MORRO DA CONCEIÇÃO
Cristiana Grumbach, Brasil, 2005

A grande questão a respeito de Morro da Conceição é a sua construção de objeto. O filme é marcado por uma tensão absolutamente determinante entre dois traços, tensão essa expressada em dois critérios de montagem. O primeiro é a óbvia inclinação, expressada sobretudo no jogo de iluminação que inicia e encerra o filme e nas inserções de planos de ruas e praças da região título, de se fazer uma geografia. Ora, Morro da Conceição se diz, desde o título, um filme sobre o espaço ou sobre uma espacialidade conceitual. O Morro da Conceição, nos arredores da Praça Mauá, Centro do Rio, é um espaço simbólico em relação ao espaço. Sua existência é, de certa forma, um desafio ao Centro do Rio, já que destoa dele por ser uma área residencial colada ao centro nervos(íssim)o da cidade. O segundo é o fato de que o filme é, no final das contas, um recorte. Nas mãos de Cristiana Grumbach a região vira um espaço simbólico também em relação ao tempo. Em vez de fazer uma sociologia do local, ela resolveu fazer uma antropologia da longevidade: ela colhe depoimentos apenas de idosos. Ela seleciona apenas um tipo de morador do local que escolheu para sua geografia (por mais humana que esta seja). É nas mãos deles que fica a tarefa de construir o local narrativamente.

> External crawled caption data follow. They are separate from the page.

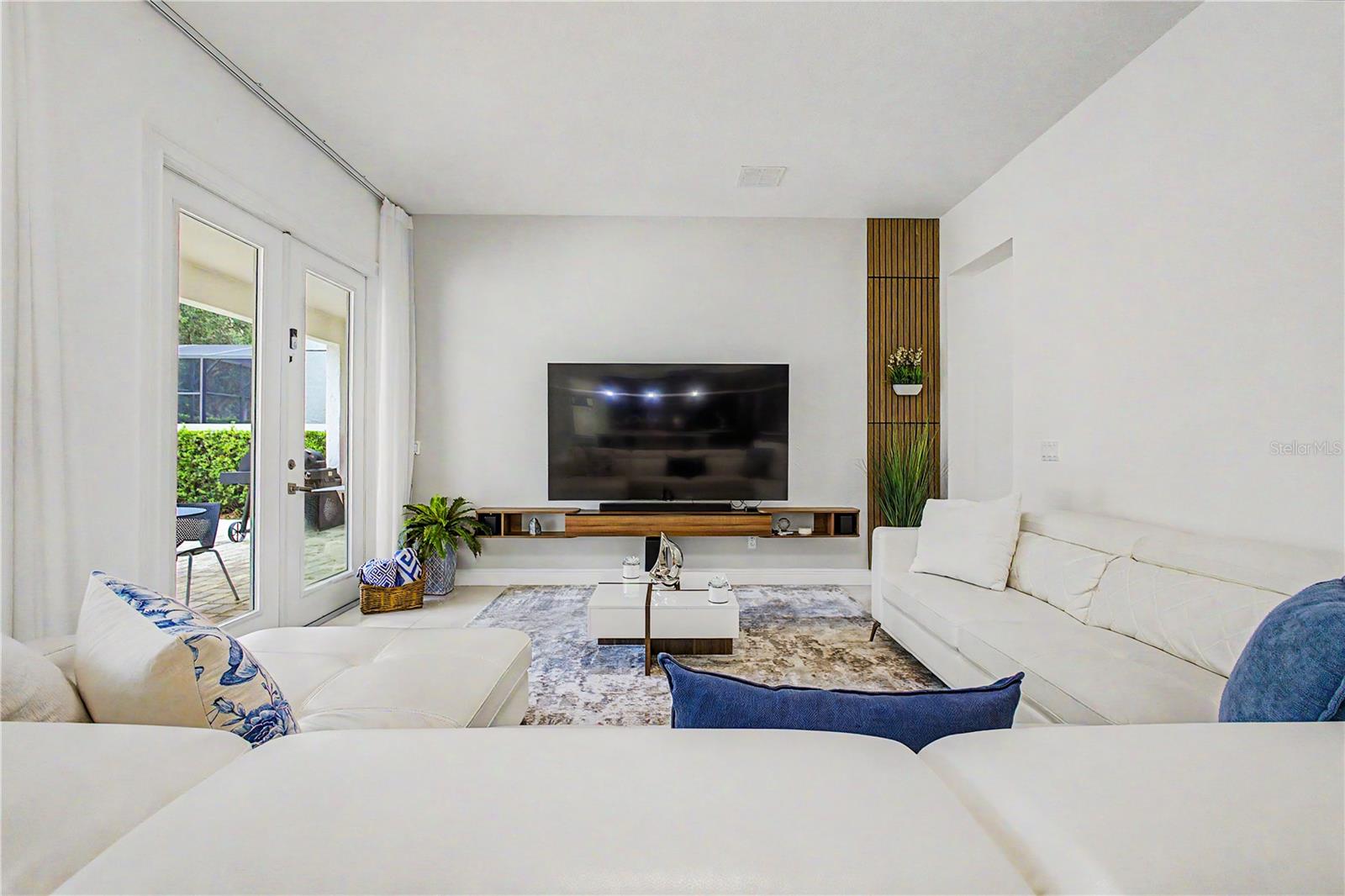 ENCLAVE - Residential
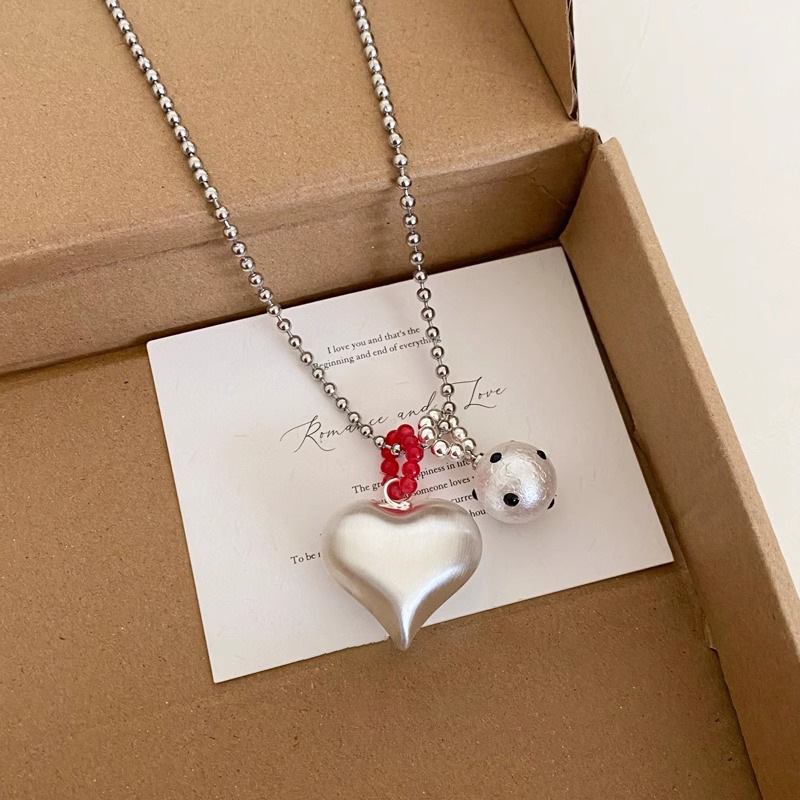 A silver brushed heart-shaped necklace with a unique and cute female touch, as well as a long sweater chain for girls, featuring the same style as Korean Instagram-style bloggers Application Scenario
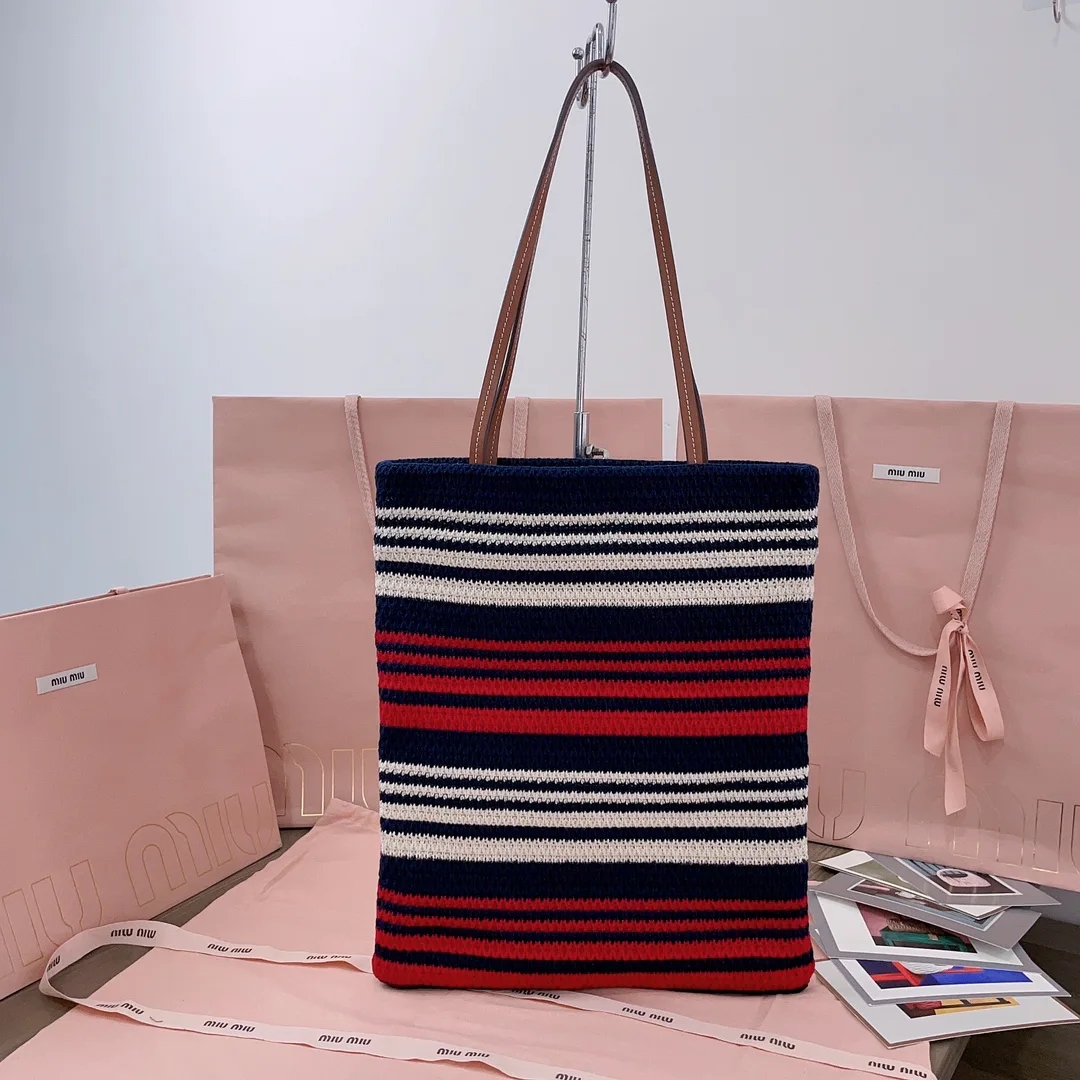 Классические Сумки Женские Miu Miu 445107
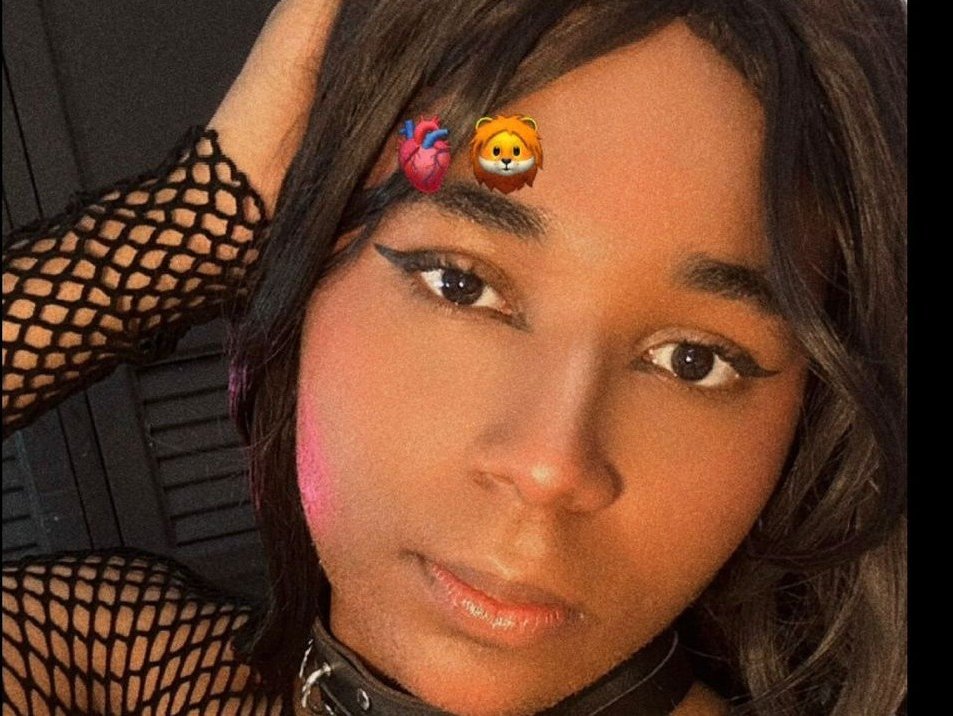 foxy_00 — LIVE on Streamate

Daí o bairro e suas ruas se tornarem uma área para se pensar "um Rio que não existe mais", quer ele tenha mudado fisicamente quer a visão dos entrevistados tenha mudado ela mesma (pela passagem do tempo ou pelas lentes da nostalgia, que invariavelmente cegam um narrador). As memórias dos moradores servem não apenas para se fazer uma crônica da Zona Portuária carioca, mas também para mostrar como o homem exercita o poder narrativo quando ao mesmo tempo tem (nas costas) e não tem (no horizonte) todo o tempo do mundo.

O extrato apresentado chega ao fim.